I CEO esperti stanno già utilizzando le informative sui rischi legati al clima per identificare e perseguire nuove opportunità di business. Come ha affermato il presidente e CEO di General Electric Lawrence Culp nel 2020, “Siamo particolarmente consapevoli delle sfide ingegneristiche ancora da risolvere per trasformare in realtà l’ambizione al net-zero. … Tuttavia, riteniamo che queste sfide siano anche opportunità strategiche cruciali per GE”. Gli amministratori delegati e gli investitori assumono sempre più che l’economia del ventunesimo secolo dovrà essere verde, efficiente e resiliente. Il flusso di capitali verso investimenti sostenibili è cresciuto fino alla cifra record di 649 miliardi di dollari nel 2021.

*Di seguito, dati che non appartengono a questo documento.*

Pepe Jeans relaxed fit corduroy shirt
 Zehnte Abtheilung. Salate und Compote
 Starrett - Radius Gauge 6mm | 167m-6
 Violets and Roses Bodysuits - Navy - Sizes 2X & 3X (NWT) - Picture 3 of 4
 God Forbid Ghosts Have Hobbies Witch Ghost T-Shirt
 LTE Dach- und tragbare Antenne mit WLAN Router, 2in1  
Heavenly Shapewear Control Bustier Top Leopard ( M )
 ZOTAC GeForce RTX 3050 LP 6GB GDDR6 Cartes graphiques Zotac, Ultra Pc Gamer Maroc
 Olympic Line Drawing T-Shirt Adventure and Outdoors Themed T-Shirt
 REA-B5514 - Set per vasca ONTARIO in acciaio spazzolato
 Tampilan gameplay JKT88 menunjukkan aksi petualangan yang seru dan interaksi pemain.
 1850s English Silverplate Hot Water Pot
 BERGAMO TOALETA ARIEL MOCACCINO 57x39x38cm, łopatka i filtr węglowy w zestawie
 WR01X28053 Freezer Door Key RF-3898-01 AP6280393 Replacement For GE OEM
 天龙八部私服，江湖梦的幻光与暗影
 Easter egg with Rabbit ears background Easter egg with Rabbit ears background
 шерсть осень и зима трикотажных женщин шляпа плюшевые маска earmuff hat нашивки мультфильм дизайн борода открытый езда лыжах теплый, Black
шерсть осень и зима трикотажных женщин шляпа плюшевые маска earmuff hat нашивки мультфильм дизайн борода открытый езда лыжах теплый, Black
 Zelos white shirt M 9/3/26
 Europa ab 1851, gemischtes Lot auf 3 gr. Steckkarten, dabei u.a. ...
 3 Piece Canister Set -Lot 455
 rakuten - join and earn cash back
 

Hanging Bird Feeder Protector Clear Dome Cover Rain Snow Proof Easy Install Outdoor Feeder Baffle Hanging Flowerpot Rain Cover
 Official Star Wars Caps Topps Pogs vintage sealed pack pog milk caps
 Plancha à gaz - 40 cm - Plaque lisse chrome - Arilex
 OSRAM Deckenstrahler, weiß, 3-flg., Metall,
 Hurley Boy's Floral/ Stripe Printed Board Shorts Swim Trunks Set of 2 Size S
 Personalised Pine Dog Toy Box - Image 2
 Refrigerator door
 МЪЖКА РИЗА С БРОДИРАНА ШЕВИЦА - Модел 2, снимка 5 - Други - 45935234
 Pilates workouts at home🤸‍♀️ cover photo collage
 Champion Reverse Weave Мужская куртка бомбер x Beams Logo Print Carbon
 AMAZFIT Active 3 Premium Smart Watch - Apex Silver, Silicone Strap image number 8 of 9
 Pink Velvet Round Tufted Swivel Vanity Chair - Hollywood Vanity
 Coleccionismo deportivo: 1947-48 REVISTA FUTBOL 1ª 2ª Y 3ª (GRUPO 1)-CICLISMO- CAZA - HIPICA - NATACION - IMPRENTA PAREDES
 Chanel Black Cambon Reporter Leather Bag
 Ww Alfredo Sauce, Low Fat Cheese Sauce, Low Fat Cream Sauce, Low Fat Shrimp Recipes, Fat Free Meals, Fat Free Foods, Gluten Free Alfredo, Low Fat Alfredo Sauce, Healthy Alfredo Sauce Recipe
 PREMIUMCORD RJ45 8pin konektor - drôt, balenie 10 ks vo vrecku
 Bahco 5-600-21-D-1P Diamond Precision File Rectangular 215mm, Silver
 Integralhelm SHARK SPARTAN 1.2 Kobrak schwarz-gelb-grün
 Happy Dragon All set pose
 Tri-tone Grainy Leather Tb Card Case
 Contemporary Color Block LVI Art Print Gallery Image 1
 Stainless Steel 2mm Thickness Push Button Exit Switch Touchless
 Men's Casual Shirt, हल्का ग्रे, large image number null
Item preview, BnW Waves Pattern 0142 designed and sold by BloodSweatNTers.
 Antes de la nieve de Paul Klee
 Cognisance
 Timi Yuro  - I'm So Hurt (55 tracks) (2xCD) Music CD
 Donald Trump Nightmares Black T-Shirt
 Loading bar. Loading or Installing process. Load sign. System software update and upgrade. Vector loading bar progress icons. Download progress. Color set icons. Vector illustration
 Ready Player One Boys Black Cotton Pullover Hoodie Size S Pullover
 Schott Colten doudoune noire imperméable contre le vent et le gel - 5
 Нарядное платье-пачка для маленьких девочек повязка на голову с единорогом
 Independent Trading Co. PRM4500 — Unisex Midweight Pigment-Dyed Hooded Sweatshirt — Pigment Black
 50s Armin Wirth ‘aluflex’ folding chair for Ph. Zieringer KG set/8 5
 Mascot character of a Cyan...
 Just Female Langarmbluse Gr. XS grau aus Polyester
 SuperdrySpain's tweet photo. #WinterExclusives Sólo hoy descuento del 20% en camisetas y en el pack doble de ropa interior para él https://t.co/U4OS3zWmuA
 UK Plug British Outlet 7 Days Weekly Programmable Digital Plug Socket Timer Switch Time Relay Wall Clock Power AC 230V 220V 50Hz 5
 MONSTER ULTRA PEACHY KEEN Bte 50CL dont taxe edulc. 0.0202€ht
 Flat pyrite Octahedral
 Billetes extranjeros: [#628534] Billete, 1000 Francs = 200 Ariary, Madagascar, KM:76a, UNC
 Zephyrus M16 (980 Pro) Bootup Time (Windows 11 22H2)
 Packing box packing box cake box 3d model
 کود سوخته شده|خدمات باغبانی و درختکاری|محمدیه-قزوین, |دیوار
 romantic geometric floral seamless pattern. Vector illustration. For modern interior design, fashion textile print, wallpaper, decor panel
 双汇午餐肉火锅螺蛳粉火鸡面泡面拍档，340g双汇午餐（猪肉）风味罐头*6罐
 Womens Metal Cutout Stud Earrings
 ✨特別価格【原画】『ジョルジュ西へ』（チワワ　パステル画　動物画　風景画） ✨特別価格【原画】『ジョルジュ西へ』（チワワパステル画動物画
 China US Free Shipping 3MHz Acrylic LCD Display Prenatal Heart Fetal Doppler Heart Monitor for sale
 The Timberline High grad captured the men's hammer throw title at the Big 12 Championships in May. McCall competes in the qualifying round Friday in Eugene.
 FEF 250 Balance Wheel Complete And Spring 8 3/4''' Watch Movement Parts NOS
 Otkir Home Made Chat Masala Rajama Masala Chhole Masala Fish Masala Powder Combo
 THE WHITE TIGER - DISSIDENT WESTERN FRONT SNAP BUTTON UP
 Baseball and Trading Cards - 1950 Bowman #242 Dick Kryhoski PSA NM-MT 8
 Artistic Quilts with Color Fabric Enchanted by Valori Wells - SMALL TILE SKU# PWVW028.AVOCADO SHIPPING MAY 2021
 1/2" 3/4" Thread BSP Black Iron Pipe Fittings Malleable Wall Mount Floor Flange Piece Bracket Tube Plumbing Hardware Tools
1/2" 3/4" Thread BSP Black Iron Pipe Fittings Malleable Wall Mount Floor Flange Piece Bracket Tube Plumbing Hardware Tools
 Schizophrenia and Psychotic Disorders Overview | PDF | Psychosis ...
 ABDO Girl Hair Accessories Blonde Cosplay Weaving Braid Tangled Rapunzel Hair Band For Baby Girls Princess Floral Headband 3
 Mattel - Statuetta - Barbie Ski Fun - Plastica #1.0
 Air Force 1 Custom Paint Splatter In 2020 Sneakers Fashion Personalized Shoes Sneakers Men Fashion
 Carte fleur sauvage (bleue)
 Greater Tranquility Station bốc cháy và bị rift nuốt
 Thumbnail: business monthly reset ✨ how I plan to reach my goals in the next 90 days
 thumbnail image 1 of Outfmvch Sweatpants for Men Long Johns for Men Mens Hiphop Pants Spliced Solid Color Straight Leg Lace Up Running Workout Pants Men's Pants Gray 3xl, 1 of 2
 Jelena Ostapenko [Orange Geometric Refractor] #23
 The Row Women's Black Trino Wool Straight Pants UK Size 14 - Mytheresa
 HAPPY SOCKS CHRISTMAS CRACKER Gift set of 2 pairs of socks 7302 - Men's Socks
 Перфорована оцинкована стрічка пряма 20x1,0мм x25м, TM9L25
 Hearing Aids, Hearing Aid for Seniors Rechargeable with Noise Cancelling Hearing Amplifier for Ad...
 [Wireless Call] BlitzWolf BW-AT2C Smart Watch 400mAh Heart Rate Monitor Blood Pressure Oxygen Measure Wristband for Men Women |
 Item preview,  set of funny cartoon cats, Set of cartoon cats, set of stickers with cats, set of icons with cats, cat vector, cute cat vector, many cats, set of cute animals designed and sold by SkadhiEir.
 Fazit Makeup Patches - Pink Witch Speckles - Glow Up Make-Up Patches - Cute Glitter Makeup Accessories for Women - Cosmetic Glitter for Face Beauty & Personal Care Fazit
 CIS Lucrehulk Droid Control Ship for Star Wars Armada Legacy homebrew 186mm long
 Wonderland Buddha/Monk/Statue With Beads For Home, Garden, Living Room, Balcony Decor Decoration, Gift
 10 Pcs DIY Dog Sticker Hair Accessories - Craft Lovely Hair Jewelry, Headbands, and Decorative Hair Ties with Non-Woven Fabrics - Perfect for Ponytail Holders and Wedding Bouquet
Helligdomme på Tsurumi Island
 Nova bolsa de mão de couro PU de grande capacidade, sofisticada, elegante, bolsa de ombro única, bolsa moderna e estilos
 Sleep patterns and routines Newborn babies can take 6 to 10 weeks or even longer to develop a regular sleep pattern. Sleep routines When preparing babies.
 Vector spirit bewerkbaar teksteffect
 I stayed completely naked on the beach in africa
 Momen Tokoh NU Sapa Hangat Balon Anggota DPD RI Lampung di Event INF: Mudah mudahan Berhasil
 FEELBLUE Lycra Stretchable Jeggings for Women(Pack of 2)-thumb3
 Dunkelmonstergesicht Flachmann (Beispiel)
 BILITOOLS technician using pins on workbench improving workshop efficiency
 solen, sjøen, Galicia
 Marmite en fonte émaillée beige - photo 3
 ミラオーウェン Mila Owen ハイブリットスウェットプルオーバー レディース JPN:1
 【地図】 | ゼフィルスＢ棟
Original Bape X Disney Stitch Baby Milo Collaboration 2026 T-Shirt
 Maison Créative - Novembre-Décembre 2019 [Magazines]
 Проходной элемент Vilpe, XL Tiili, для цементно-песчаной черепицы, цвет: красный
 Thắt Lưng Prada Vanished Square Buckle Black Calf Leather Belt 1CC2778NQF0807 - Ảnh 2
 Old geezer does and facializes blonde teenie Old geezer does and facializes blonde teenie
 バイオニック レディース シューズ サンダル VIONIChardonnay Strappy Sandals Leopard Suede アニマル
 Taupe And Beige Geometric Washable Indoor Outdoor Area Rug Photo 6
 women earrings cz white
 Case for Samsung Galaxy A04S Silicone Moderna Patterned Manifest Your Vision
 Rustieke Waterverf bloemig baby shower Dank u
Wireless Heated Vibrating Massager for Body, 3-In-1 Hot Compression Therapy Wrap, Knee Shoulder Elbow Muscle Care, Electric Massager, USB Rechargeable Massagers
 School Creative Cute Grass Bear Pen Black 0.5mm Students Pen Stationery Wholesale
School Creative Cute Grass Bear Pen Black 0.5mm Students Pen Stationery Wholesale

Ma la disponibilità e la qualità dei dati rimangono molto irregolari. Le aziende seguono approcci estremamente divergenti per rivelare i propri rischi climatici. Alcune contabilizzano le loro emissioni in un modo, altre in un altro. Alcune non riportano le emissioni “scope 3” associate all’uso dei loro prodotti (un problema che la norma SEC rettificherebbe). Ed altre sono completamente opache, poichè non riportano o non gestiscono affatto le loro emissioni. Di conseguenza, molte aziende – e i loro investitori – non sono consapevoli dei rischi e delle opportunità climatiche che devono affrontare. Invece di chiarezza, abbiamo confusione.

Se le società dovessero aderire ad una serie uniforme di informative, gli investitori riuscirebbero molto meglio a discernere dove dovrebbero far confluire il denaro. Una volta che gli investitori possono vedere le informazioni di tutte le società, possono prendere decisioni migliori per i loro clienti, e le aziende saranno in condizioni di parità, consentendo una concorrenza virtuosa.

Il passaggio globale verso la divulgazione obbligatoria è ben avviato. Agendo ora, la SEC può fornire ai mercati una base molto più solida su cui operare, e gli Stati Uniti possono rimanere un paese che fa le regole a livello globale, invece di diventare uno di quelli che le assume passivamente. Tutti gli attori finanziari – imprese, investitori, governi, e cittadini con fondi pensionistici cofinanziati dalle aziende – devono affrontare i rischi del cambiamento climatico, alcuni dei quali si sono già concretizzati. Richiedere alle aziende di dichiarare questi rischi non è radicale; è prudente.